The bridge was already called the “King’s Bridge” when the young and future king fought the battle. It is surmised to have been named for Sweden’s first king a hundred years earlier. The bridge may now be close to 500 years old. On August 24-25, 2012, the community celebrated the 400th year anniversary of the 1612 victory with a festival that included guided tours of the bridge. Jan and his son David were trained, along with eight others, to give the tours. The festival also featured the old village, Fröreda Storegård, where we were to go next and Dick Lövgren was to give us a tour.

Jan told us that the bridge originally had as many as 14 arches and at 700 meters was one of the longest bridges of this type in the world. Jan had a picture of the bridge taken about 1928 when it was still intact. The bridge collapsed in 1931 when two light trucks passed over it. The first truck made it across but when the driver looked back, there was a missing part of the bridge and the other truck had disappeared.

Jan said that when he was six years old, about 1958, he came with his grandfather, Hjalmar, to this area around the bridge. All the trees had been cut and the logs were lying here waiting to be floated down the river to the paper mill. Hjalmar was a forester and his job was to purchase trees from farmers then have them cut down by his crew. That day Hjalmar was there with little Jan to estimate the number and size of the tree harvest. Jan thinks that was the last time logs were floated down the River Em. His grandfather retired soon after.

Jan (center in the beige jacket) explains the history of the Kungsbron to his American cousins.
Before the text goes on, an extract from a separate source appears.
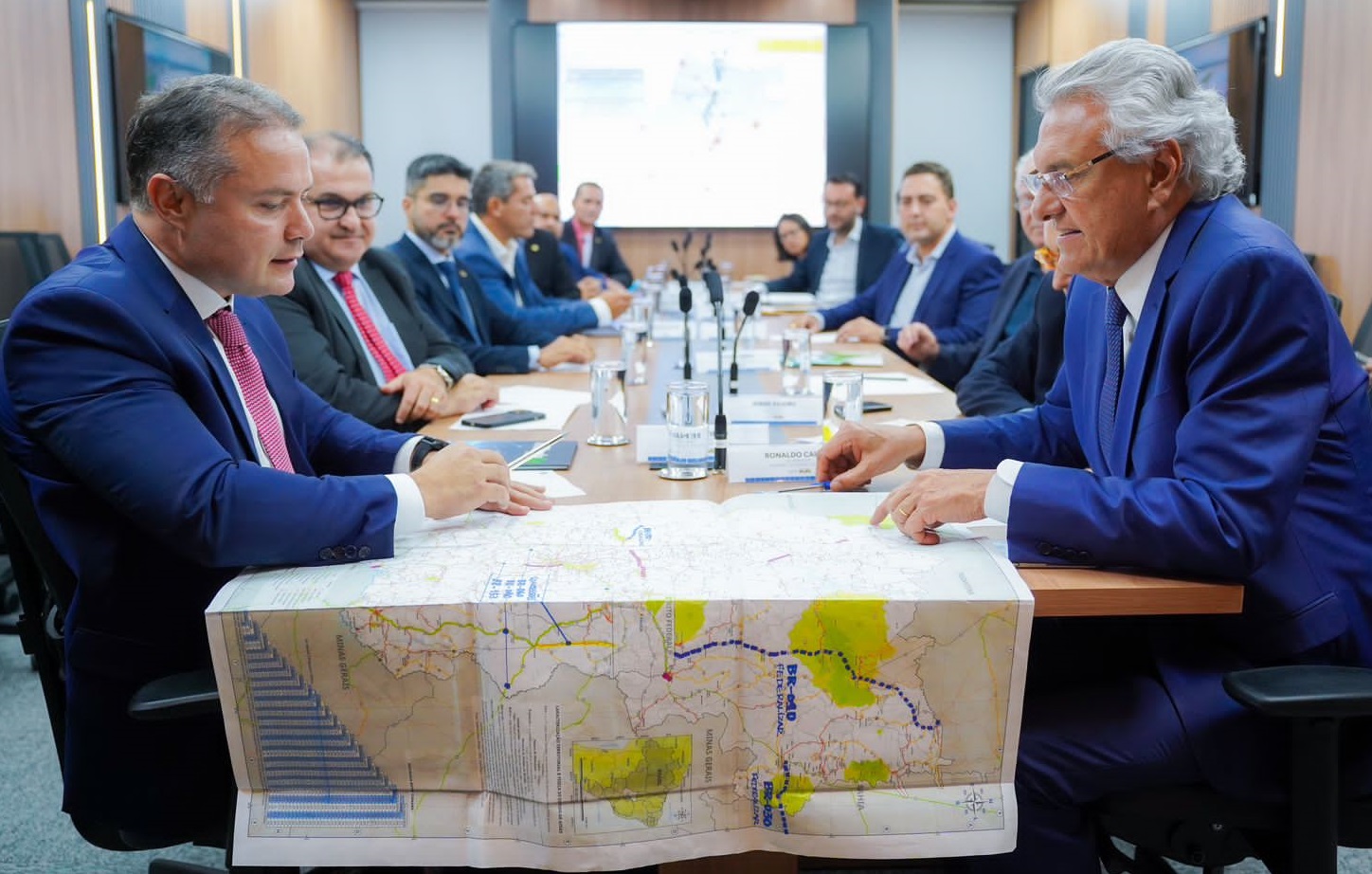 Governador Ronaldo Caiado se reúne com ministro Renan Filho, dos Transportes, em Brasília, e comemora investimentos do Governo federal no estado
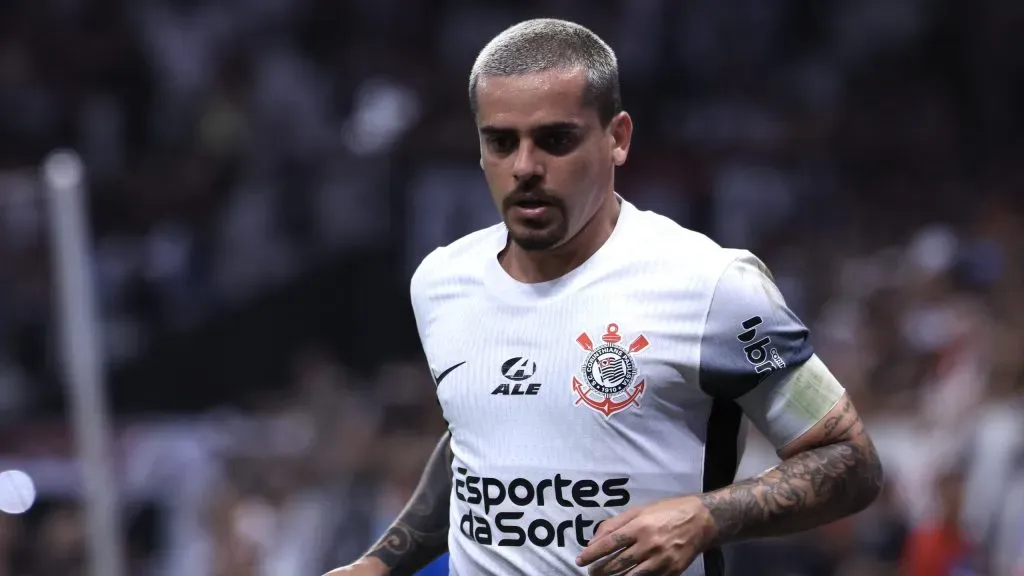 Fagner durante partida. Foto: Marcello Zambrana/AGIF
We walked along the grass-covered remains of the bridge while Jan told us his stories. Jack ran the length of the bridge, back and forth, several times. Aron hoisted Jack onto his shoulders and they discovered where the diverted River Em had gone. Lilly and discovered some plants that made perfect little water bowls, holding octagonal-shaped drops of water that shimmered like diamonds. I thought about the 55-year old trees that surrounded us, all grown up since Hjalmar and his grandson Jan had walked here among the logs. I thought about the grandfather, Klas Oskar, who lost his arm in a lumber mill accident; about his son, Hjalmar, who was a forester; about Hjalmar’s grandson, Jan, who manages a paper mill and his son David, who works there as well. Work in the lumber industry has been handed down through five generations now, through the years, all the families living here in the Järeda parish. And the family remembers the fascinating history of their ancestors in great detail.